Nominated Member of the Legislative Council
- In office 1954–1961

Mayor of Kampala
- In office 1961–1962
- Preceded by: S. W. Kulubya
- Succeeded by: P.I. Patel

Personal details
- Born: 1912 India
- Died: 16 September 2014 (aged 102) United Kingdom

= Barbara Saben =

Ugandan politician

Dorothy Barbara Saben (1912 – 16 September 2014) was a Ugandan politician. She and Alice Boase were appointed to the Legislative Council in 1954, becoming its first female members. Saben later served as the first female mayor of Kampala.

==Biography==
Saben was born in India in 1912. After receiving a private education, she studied at St James College in London from 1931 to 1932. She moved to Uganda in 1940 with her businessman husband. She was a founder member of the Uganda Council of Women in 1946. In the 1951 New Year Honours she was awarded an MBE for her public service in Uganda. She was also a founder member of the National Council of Social Service, serving as its president.

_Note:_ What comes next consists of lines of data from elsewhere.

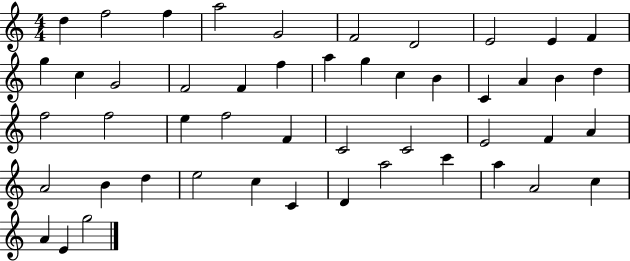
D5/q F5/h F5/q A5/h G4/h F4/h D4/h E4/h E4/q F4/q G5/q C5/q G4/h F4/h F4/q F5/q A5/q G5/q C5/q B4/q C4/q A4/q B4/q D5/q F5/h F5/h E5/q F5/h F4/q C4/h C4/h E4/h F4/q A4/q A4/h B4/q D5/q E5/h C5/q C4/q D4/q A5/h C6/q A5/q A4/h C5/q A4/q E4/q G5/h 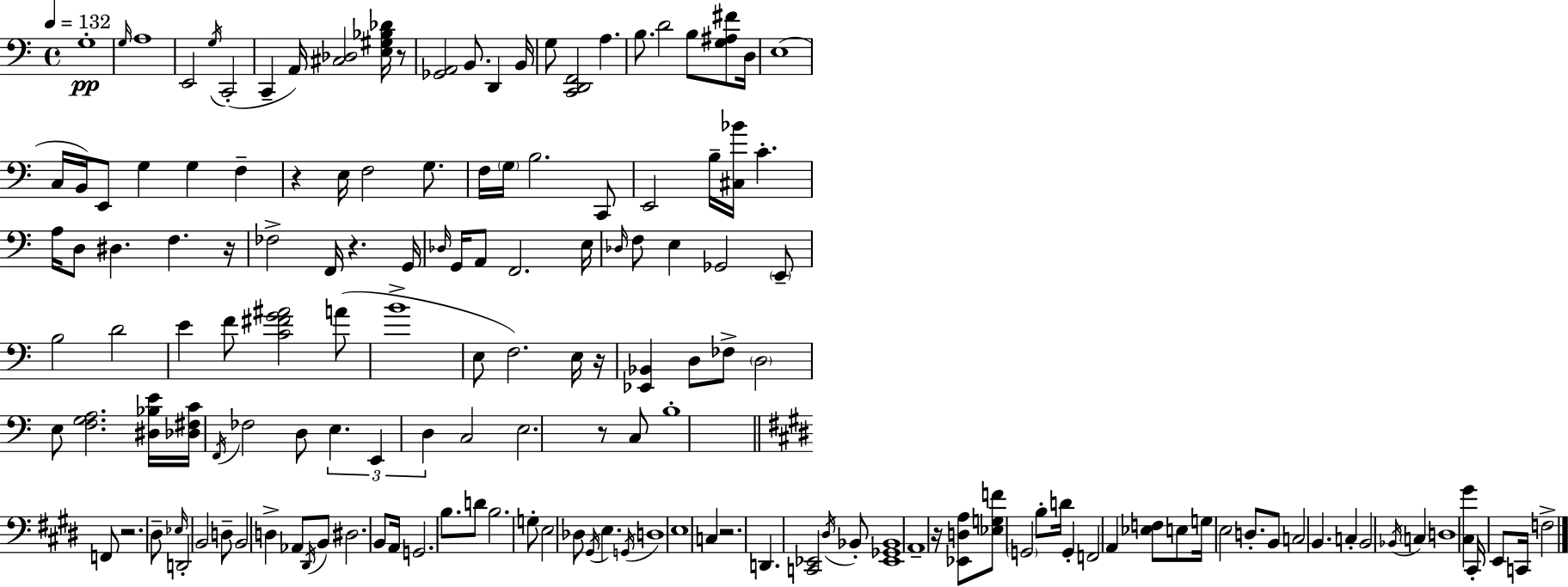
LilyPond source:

{
  \clef bass
  \time 4/4
  \defaultTimeSignature
  \key a \minor
  \tempo 4 = 132
  g1-.\pp | \grace { g16 } a1 | e,2 \acciaccatura { g16 }( c,2-. | c,4-- a,16) <cis des>2 <e gis bes des'>16 | \break r8 <ges, a,>2 b,8. d,4 | b,16 g8 <c, d, f,>2 a4. | b8. d'2 b8 <g ais fis'>8 | d16 e1( | \break c16 b,16) e,8 g4 g4 f4-- | r4 e16 f2 g8. | f16 \parenthesize g16 b2. | c,8 e,2 b16-- <cis bes'>16 c'4.-. | \break a16 d8 dis4. f4. | r16 fes2-> f,16 r4. | g,16 \grace { des16 } g,16 a,8 f,2. | e16 \grace { des16 } f8 e4 ges,2 | \break \parenthesize e,8-- b2 d'2 | e'4 f'8 <c' fis' g' ais'>2 | a'8( b'1-> | e8 f2.) | \break e16 r16 <ees, bes,>4 d8 fes8-> \parenthesize d2 | e8 <f g a>2. | <dis bes e'>16 <des fis c'>16 \acciaccatura { f,16 } fes2 d8 \tuplet 3/2 { e4. | e,4 d4 } c2 | \break e2. | r8 c8 b1-. | \bar "||" \break \key e \major f,8 r2. dis8-- | \grace { ees16 } d,2-. b,2 | d8-- b,2 d4-> aes,8 | \acciaccatura { dis,16 } b,8 dis2. | \break b,8 a,16 g,2. b8. | d'8 b2. | g8-. e2 des8 \acciaccatura { gis,16 } e4. | \acciaccatura { g,16 } d1 | \break e1 | c4 r2. | d,4. <c, ees,>2 | \acciaccatura { dis16 } bes,8-. <ees, ges, bes,>1 | \break a,1-- | r16 <ees, d a>8 <ees g f'>8 \parenthesize g,2 | b8-. d'16 g,4-. f,2 | a,4 <ees f>8 e8 g16 e2 | \break d8.-. b,8 c2 b,4. | c4-. b,2 | \acciaccatura { bes,16 } \parenthesize c4 d1 | <cis gis'>4 cis,16-. e,8 c,16 f2-> | \break \bar "|."
}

In 1954 Saben and Alice Boase were appointed to the Legislative Council, becoming its first female members. Following the 1958 elections she became deputy chair of the Representative Members' Organisation, a grouping of the nominated members. She remained on the Council until 1961. Saben had also become a member of Kampala City Council when it was established. After serving as deputy mayor from 1959 to 1960, she became the first female mayor of the city in 1961, serving until 1962. She was awarded a CBE in the 1963 New Year Honours; later in the same year she resigned from the City Council.

She died in the United Kingdom in September 2014.